SEPTEMBER 1984 Kendal Price '78
Feature
Dennis Brutus Speaks Out
SEPTEMBER 1984 Kendal Price '78

The exiled South African poet, who was visiting professor of African and Afro-American Studies at Dartmouth in the spring of '83, remembers Hanover.

It is a sunny, unusually warm late March day in Washington, D.C. Howard University's chapel is filled with the soothing, multi-colored light of the sun shining through stained glass. For Dennis Brutus, the attentive, mostly black, middle-aged audience that also fills the room is less than soothing. This is a tough crowd, Brutus' contemporaries. Well-educated and well-read, many of the people in this audience are writers or poets or teachers or critics. They probably know more about the history of apartheid as well as the American civil rights movement than any other audience he has or ever will address.

He acknowledges the pressure prior to the talk. We have finished the first part of our interview and when walking from the hotel to the chapel he refuses to talk further. I can accompany him but it must be in silence. He must have time to gather his thoughts.

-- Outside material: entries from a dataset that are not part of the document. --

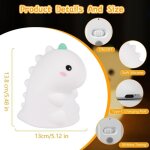 Dinosaure veilleuse enfant, silicone lampe de chevet enfant, veilleuse bb portable, veilleuse rechargeable ...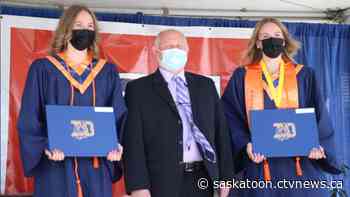 'The best of a tough situation': How Tommy Douglas Collegiate held graduation safely for families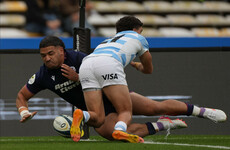 Sione Tuipulotu guides Scotland past Argentina with record score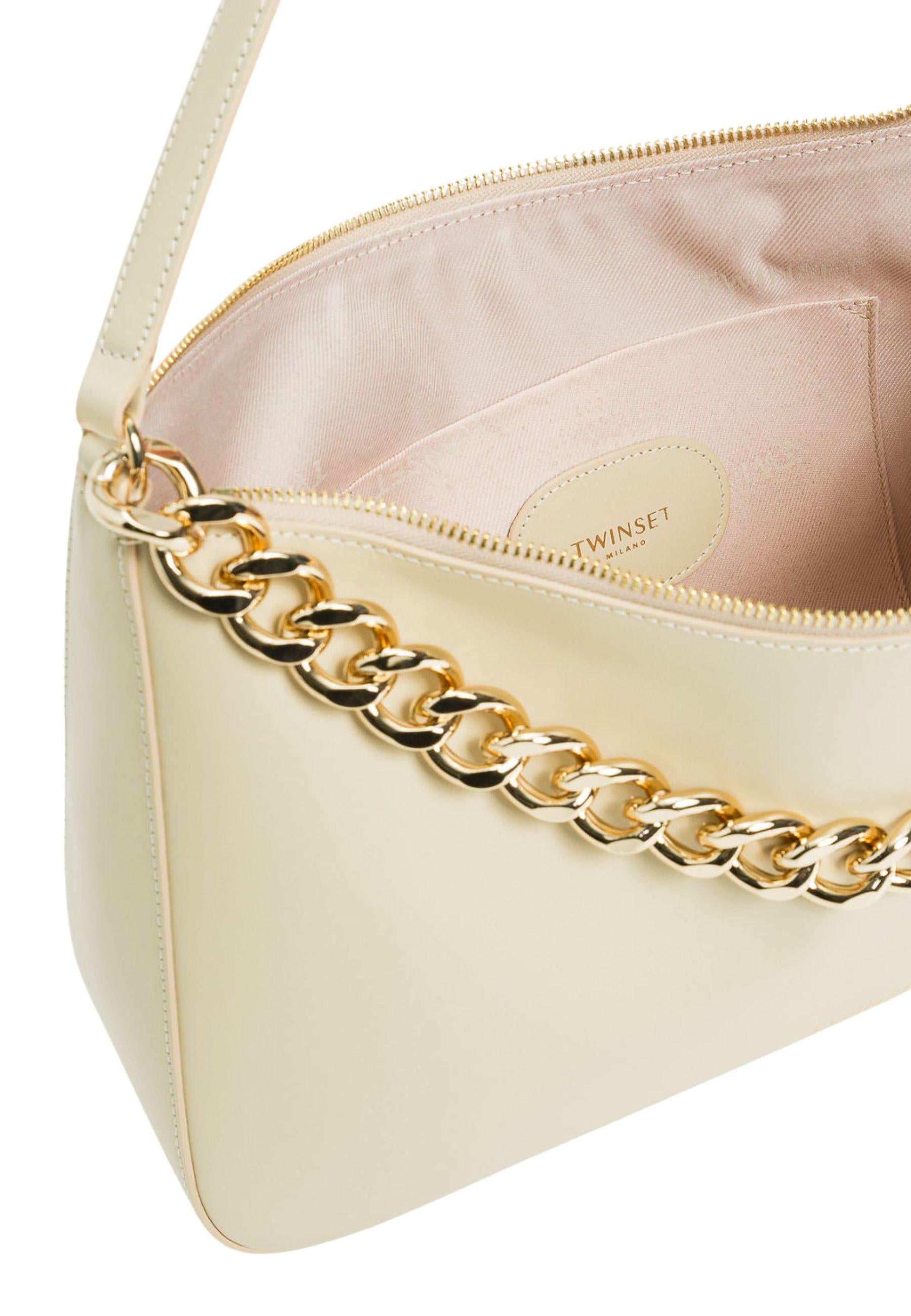 Borsa 'Liliane' media in pelle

After the speech given informally from notes, and well-received the luncheon, and the questions after-ward, he reluctantly agrees to continue the interview. During the walk from the chapel back to the hotel Brutus refuses to talk again, but this time because of fatigue. He is visibly drained, though when we enter the hotel he offers an oblique compliment. He accuses me of having probed too much during the morning interview. I got him to say more than he intended on the artist and political commitment. "You stole my speech material. You have it there on your tape." (He smiles.)

"What the 300 in the audience missed, 42,000 alumni will get to read."

"Aahhhh. We'll see."

Once in the coffee shop, he sits down heavily and buries his face in his hands for a few minutes before looking up. He orders a Sprite without ice and says firmly, "You have three questions."

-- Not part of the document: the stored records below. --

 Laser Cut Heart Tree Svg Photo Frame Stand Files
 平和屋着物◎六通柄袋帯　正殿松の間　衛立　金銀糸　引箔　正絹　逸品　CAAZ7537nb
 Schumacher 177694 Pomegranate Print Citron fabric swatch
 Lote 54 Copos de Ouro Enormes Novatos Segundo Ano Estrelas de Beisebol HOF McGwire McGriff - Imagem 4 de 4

About the rules of the interview he is authoritative, firm, and uncompromising. In a poet and activist, these traits are unusual. In a South African they are familiar. The Republic of South Africa is a regimented society, and all of her peoples reflect that to a certain degree. However, to better understand Brutus, it's worth looking at some of the forces that shaped this man.

Fifty-nine years ago, Dennis Brutus was born in what was then Salisbury, Southern Rhodesia, but is now Harare, Zimbabwe. His father (Francis Henry) and mother (Margaret) both were school teachers. Brutus grew up in a "coloured" (mixed race) township outside of Port Elizabeth, South Africa, a small city facing the Indian Ocean. The term apartheid would not be adopted officially by the white minority government for another 25 years, but the concept was already a wellestablished part of South African society. His home was a ghetto.

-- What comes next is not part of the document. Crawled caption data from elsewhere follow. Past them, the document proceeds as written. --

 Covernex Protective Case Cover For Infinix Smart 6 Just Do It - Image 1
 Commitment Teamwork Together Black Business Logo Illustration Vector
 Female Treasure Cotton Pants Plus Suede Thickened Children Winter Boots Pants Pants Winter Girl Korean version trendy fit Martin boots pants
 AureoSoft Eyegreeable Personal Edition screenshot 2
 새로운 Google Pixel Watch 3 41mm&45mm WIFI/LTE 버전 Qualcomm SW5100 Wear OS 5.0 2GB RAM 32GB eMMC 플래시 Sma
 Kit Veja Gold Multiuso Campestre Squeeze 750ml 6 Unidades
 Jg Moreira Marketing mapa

He received a B.A. from Fort Hare University College in 1946 and taught high school English and Afrikaans (Dutch-based language of the white minority) for over a decade. During that time his anti-apartheid activities resulted in government banning orders that prohibited him from teaching, publishing, and appearing in public. This persecution escalated to a fiveyear banning order confining Brutus to his house. In 1963 he defied the ban, was arrested, tried, and sentenced to eighteen months' hard labor.

After being released from prison, he was allowed to emigrate to London, where from 1966 to 1970 he worked as a journalist and teacher. In 1971 he was asked to join the faculty of Northwestern University in Evanston, Illinois.

In the past depade, in addition to being a guest lecturer at many American and British universities, he has been an officer or founding member of over twelve organizations devoted to anti-apartheid activities or the promotion of African literature. Brutus is credited with securing the exclusion of South Africa from major international sports competition since 1964.

During his term as visiting professor at Dartmouth, he was encumbered by a protracted and expensive legal battle with the U.S. Immigration Service. However, in September 1983, a federal judge granted him permanent asylum in the United States. The court recognized that his life would be in danger if he were compelled to return to his native Zimbabwe, where he would be within reach of South African agents.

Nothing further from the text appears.